问题
$ matches at the end of a line, which is defined as either the end of the string, or any location followed by a newline character.
However, the Windows newline flag contains two characters '\r\n', how to make '$' recognize '\r\n' as a newline character in bytes?
Here is what I have:
# Python 3.4.2
import re
input = b'''
//today is a good day \r\n
//this is Windows newline style \r\n
//unix line style \n
...other binary data...
'''
L = re.findall(rb'//.*?$', input, flags = re.DOTALL | re.MULTILINE)
for item in L : print(item)
now the output is:
b'//today is a good day \r'
b'//this is Windows newline style \r'
b'//unix line style '
but the expected output is as follows:
the expected output:
b'//today is a good day '
b'//this is Windows newline style '
b'//unix line style '
回答1:
It is not possible to redefine anchor behavior.
To match a // with any number of characters other than CR and LF after it, use a negated character class [^\r\n] with * quantifier:
L = re.findall(rb'//[^\r\n]*', input)
Note that this approach does not require using re.M and re.S flags.
Or, you can add \r? before a $ and enclose this part in a positive look-ahead (also, you will beed a *? lazy quantifier with .):
rb'//.*?(?=\r?$)'
The point in using a lookahead is that $ itself is a kind of a lookahead since it does not really consume the \n character.
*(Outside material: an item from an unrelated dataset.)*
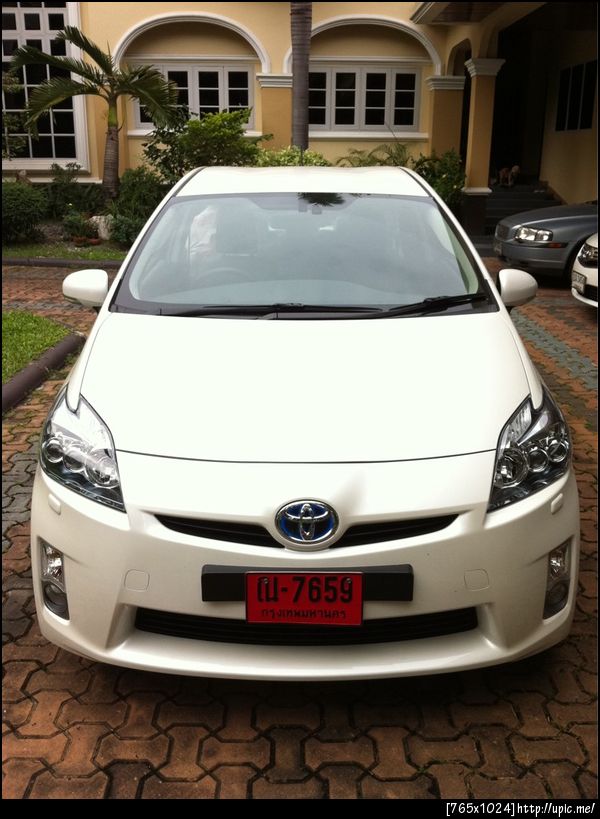 Prius หน้าตรงก็หล่อ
Thus, we can safely put it into a look-ahead with optional \r.
Maybe this is not that pertinent since it is from MSDN, but I think it is the same for Python:
Note that
$matches\nbut does not match\r\n(the combination of carriage return and newline characters, orCR/LF). To match theCR/LFcharacter combination, include\r?$in the regular expression pattern.
In PCRE, you can use (*ANYCRLF), (*CR) and (*ANY) to override the default behavior of the $ anchor, but not in Python.
回答2:
A hack, but...
re.findall(r'//.*?(?=\r|\n|(?!.))', input, re.DOTALL | re.MULTILINE)
This should replicate the behaviour of the default $ anchor (just before \r, \n or end of string).
回答3:
I think you also could use \v vertical space which would match [\n\cK\f\r\x85\x{2028}\x{2029}]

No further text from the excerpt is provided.